Il doit alors revoir son horaire, s'ajuster, déplacer des rendez-vous. Une seule chose ne bouge pas: il travaille sept jours sur sept.

7h

Donald le Canard

Le chauffeur, Aziz, attend Laurent Blanchard dans une Ford Taurus noire. Aziz est un Touareg d'origine marocaine. Grand, avec ses six pieds trois pouces, mince, discret, efficace. Il ressemble comme deux gouttes d'eau au président Obama.

Il a conduit Jean Doré, Pierre Bourque, Gérald Tremblay et Michael Applebaum. Même s'il connaît des secrets, il est muet comme une tombe.

Laurent Blanchard s'assoit sur la banquette arrière. En avant, son attaché de presse et conseiller, Jonathan Abecassis, 26 ans. Dans 30 minutes, Blanchard donne une entrevue à Global.
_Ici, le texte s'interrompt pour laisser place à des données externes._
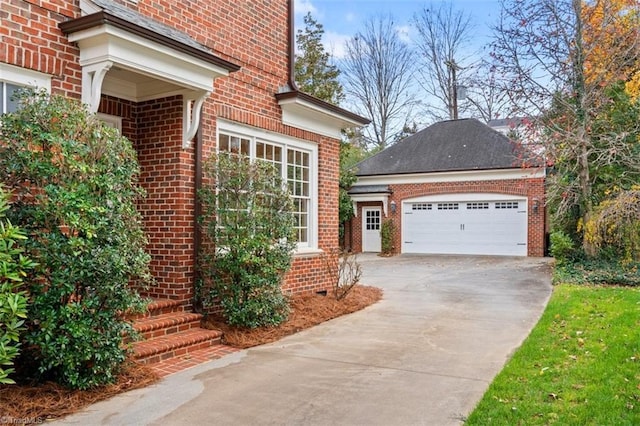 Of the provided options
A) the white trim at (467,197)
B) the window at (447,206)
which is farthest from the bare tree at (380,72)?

Pendant que l'auto file sur Notre-Dame, Abecassis le breffe.

«Ce matin, dit-il, c'est Zambito, Zambito, Zambito [un candidat que Denis Coderre vient de congédier]. Vous êtes à l'aise avec ça?

- Pas de bitcherie, je le sais, répond Blanchard, mais si ça peut plomber la candidature de Coderre, c'est pas mauvais. Il l'a eue facile.

- Vous ne pouvez pas être partisan, le prévient Abecassis. Il y a aussi une étude de l'AMT dans La Presse.

- Je n'ai pas eu le temps de la lire.»

Laurent Blanchard est non seulement maire de Montréal, mais aussi conseiller dans Hochelaga-Maisonneuve. Il tente de se faire réélire. Son ancienne chef, Louise Harel, s'est ralliée à Marcel Côté, qui traîne dans les sondages.

Aziz monte le son de la radio, car Laurent Blanchard veut écouter Jean Lapierre, qui sévit sur le 98,5.

«Quand je t'lis...», dit Lapierre.

Blanchard grimace, c'est un maniaque de la langue française. Avant de se lancer en politique, il était éditeur d'un hebdo, Les Nouvelles de l'Est. Il fait ses mots croisés à l'encre, c'est dire. Lorsqu'il lit les documents préparés par les fonctionnaires, il ne peut pas s'empêcher de corriger les fautes d'orthographe.

Il aime les blagues faciles. C'est plus fort que lui, il a toujours un jeu de mots sur le bout de la langue. Pendant son entrevue avec Global, il imite Donald le Canard. Les animateurs s'esclaffent, Jonathan Abecassis pâlit.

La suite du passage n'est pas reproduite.